**Try it:**
Word-for-word transcription needed. Include every entry below but no pictures.

**Short web captions:**
::::::::::

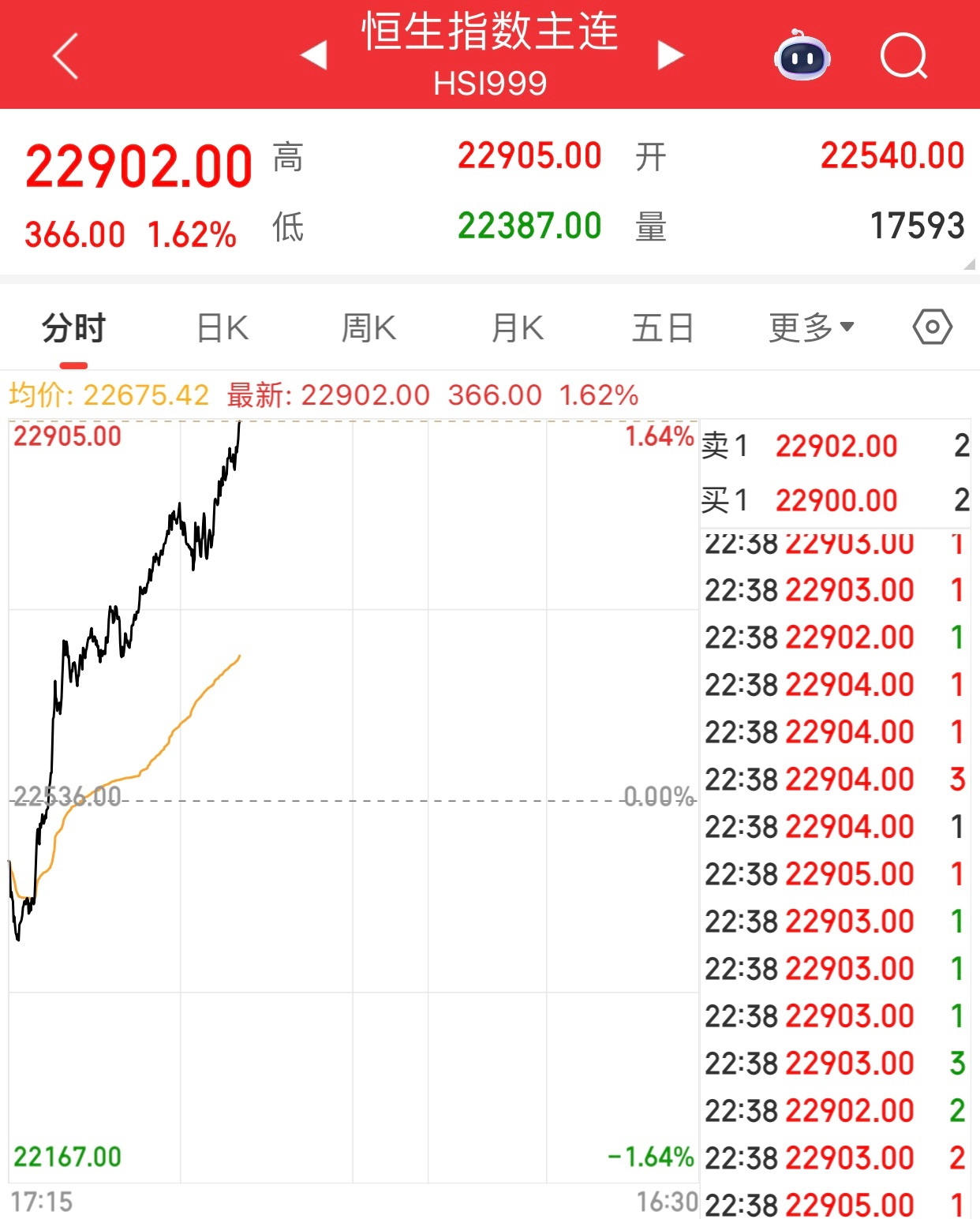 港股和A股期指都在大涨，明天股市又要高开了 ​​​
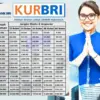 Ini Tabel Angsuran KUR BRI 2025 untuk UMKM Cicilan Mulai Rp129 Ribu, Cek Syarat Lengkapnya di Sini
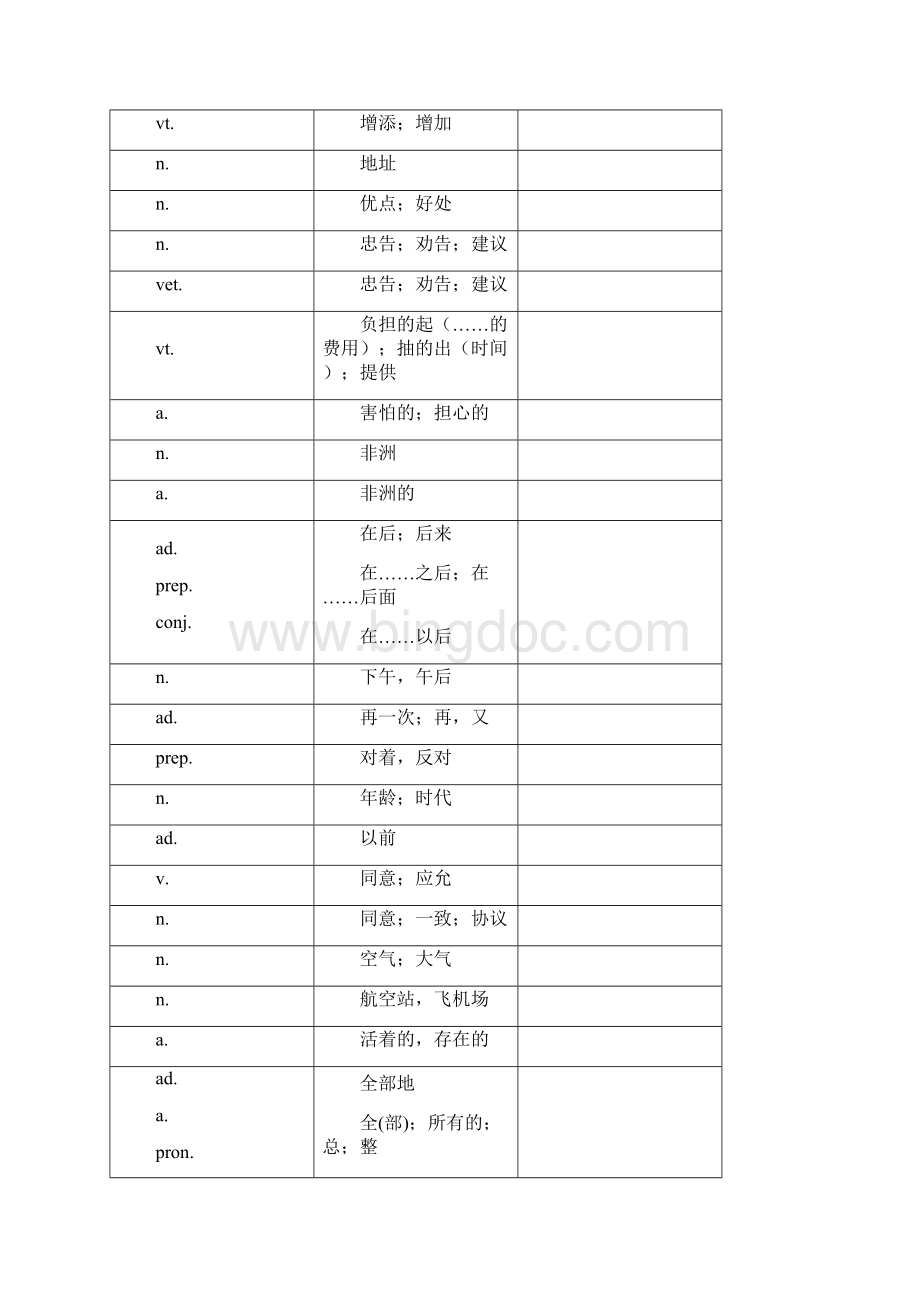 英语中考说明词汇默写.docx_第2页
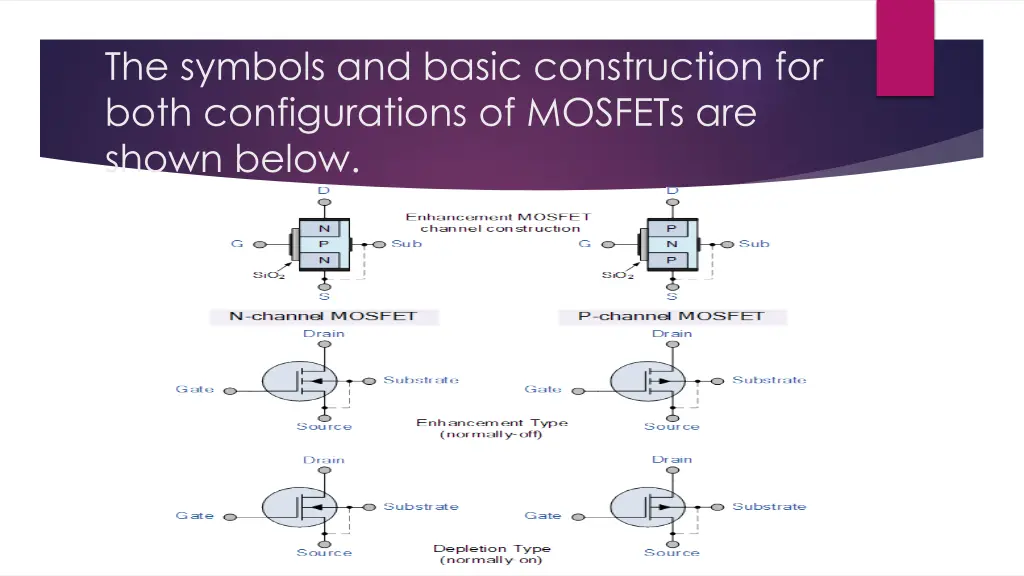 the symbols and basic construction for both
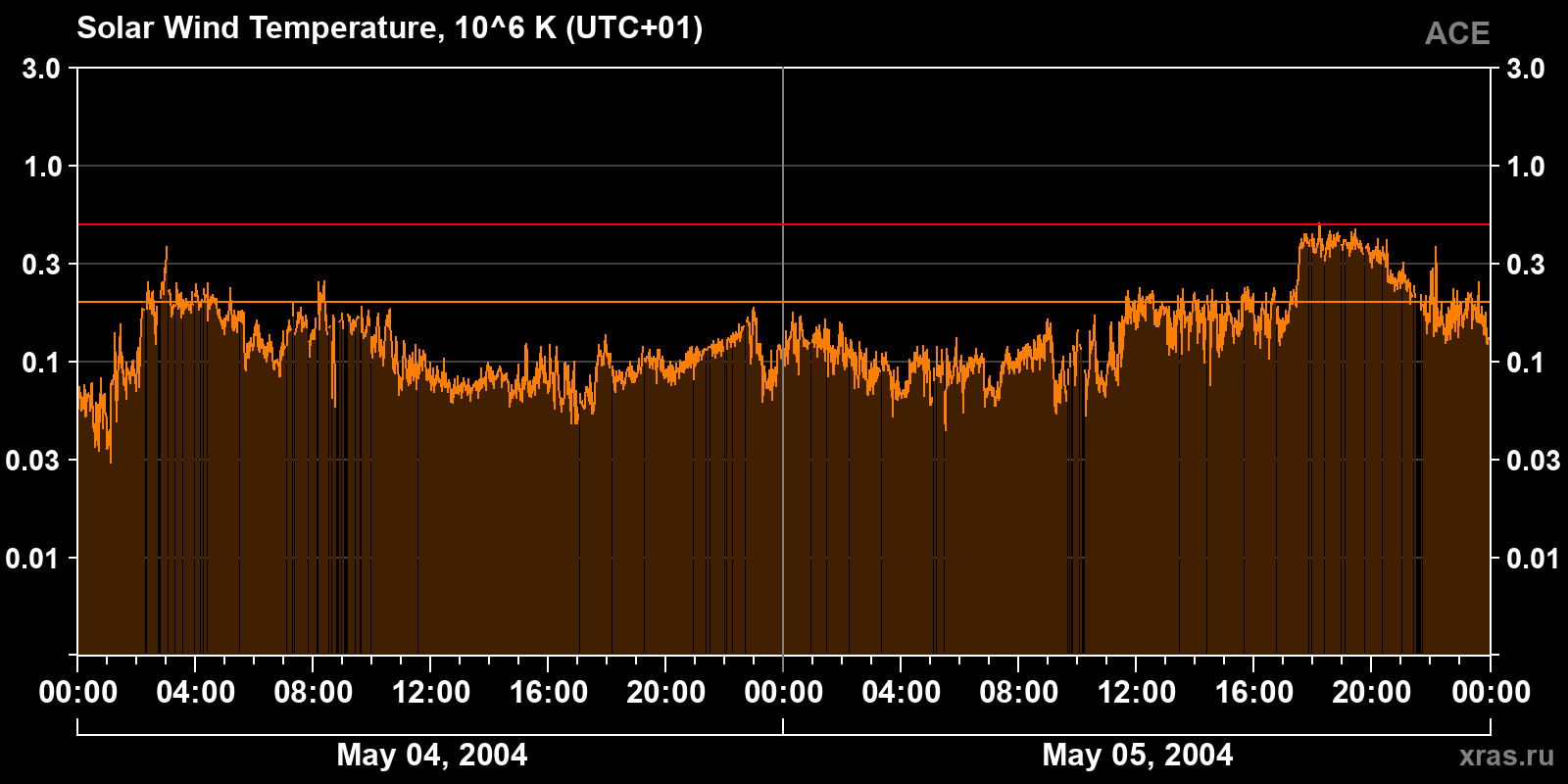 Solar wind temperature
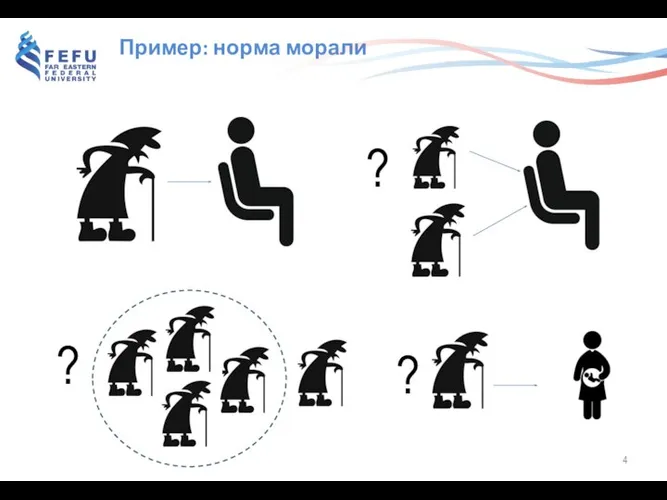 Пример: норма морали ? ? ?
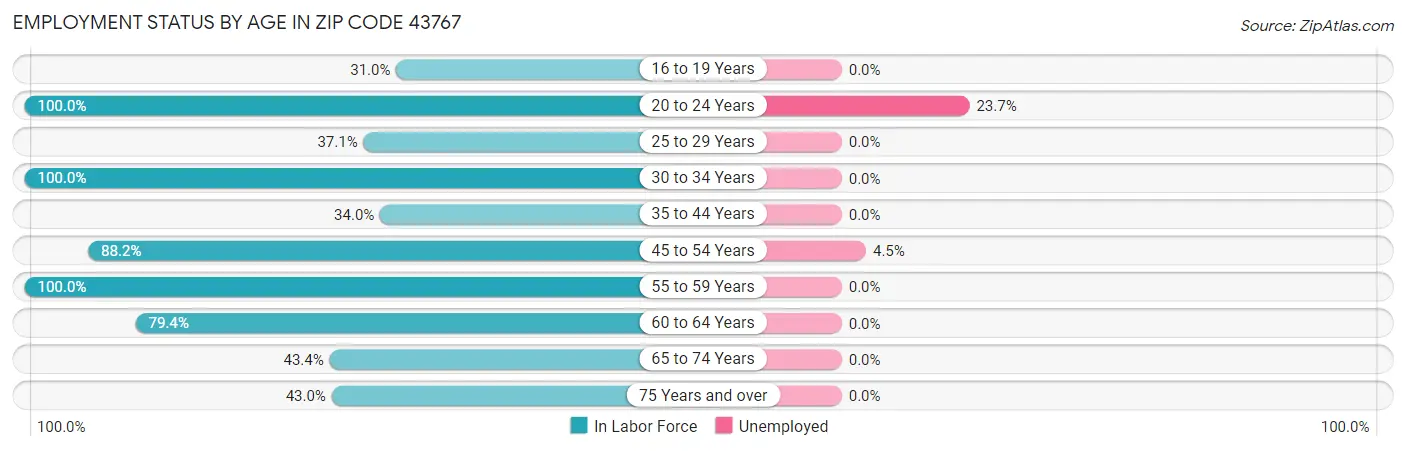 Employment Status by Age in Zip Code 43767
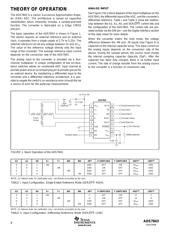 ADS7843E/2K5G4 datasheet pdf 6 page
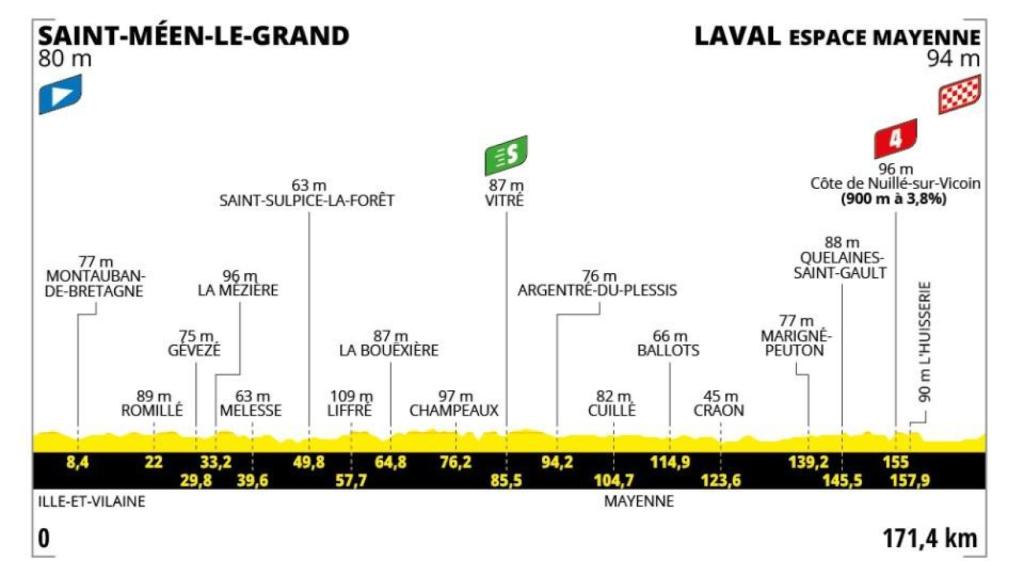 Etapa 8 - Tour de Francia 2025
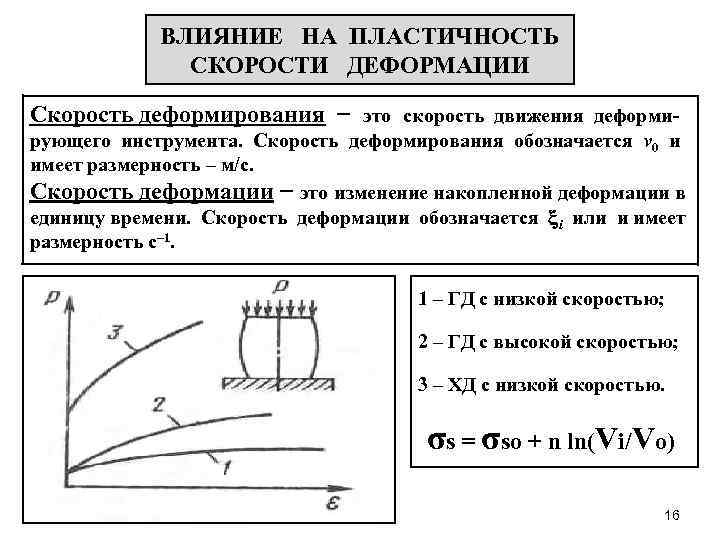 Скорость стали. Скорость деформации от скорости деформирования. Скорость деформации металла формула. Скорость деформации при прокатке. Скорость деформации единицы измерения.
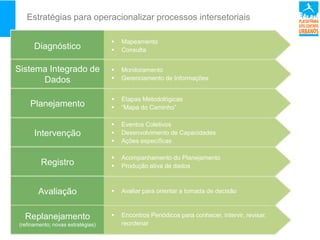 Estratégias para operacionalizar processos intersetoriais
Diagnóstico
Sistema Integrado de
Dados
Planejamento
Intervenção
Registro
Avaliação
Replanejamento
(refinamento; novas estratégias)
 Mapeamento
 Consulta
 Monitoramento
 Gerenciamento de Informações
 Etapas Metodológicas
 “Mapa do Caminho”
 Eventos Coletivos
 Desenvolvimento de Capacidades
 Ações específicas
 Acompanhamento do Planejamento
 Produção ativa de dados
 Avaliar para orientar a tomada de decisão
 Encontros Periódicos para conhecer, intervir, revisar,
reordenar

::::::::::

**Answer for this exercise:**
 港股和A股期指都在大涨，明天股市又要高开了 ​​​
 Ini Tabel Angsuran KUR BRI 2025 untuk UMKM Cicilan Mulai Rp129 Ribu, Cek Syarat Lengkapnya di Sini
 英语中考说明词汇默写.docx_第2页
 the symbols and basic construction for both
 Solar wind temperature
 Пример: норма морали ? ? ?
 Employment Status by Age in Zip Code 43767
 ADS7843E/2K5G4 datasheet pdf 6 page
 Etapa 8 - Tour de Francia 2025
 Скорость стали. Скорость деформации от скорости деформирования. Скорость деформации металла формула. Скорость деформации при прокатке. Скорость деформации единицы измерения.
 Estratégias para operacionalizar processos intersetoriais
Diagnóstico
Sistema Integrado de
Dados
Planejamento
Intervenção
Registro
Avaliação
Replanejamento
(refinamento; novas estratégias)
 Mapeamento
 Consulta
 Monitoramento
 Gerenciamento de Informações
 Etapas Metodológicas
 “Mapa do Caminho”
 Eventos Coletivos
 Desenvolvimento de Capacidades
 Ações específicas
 Acompanhamento do Planejamento
 Produção ativa de dados
 Avaliar para orientar a tomada de decisão
 Encontros Periódicos para conhecer, intervir, revisar,
reordenar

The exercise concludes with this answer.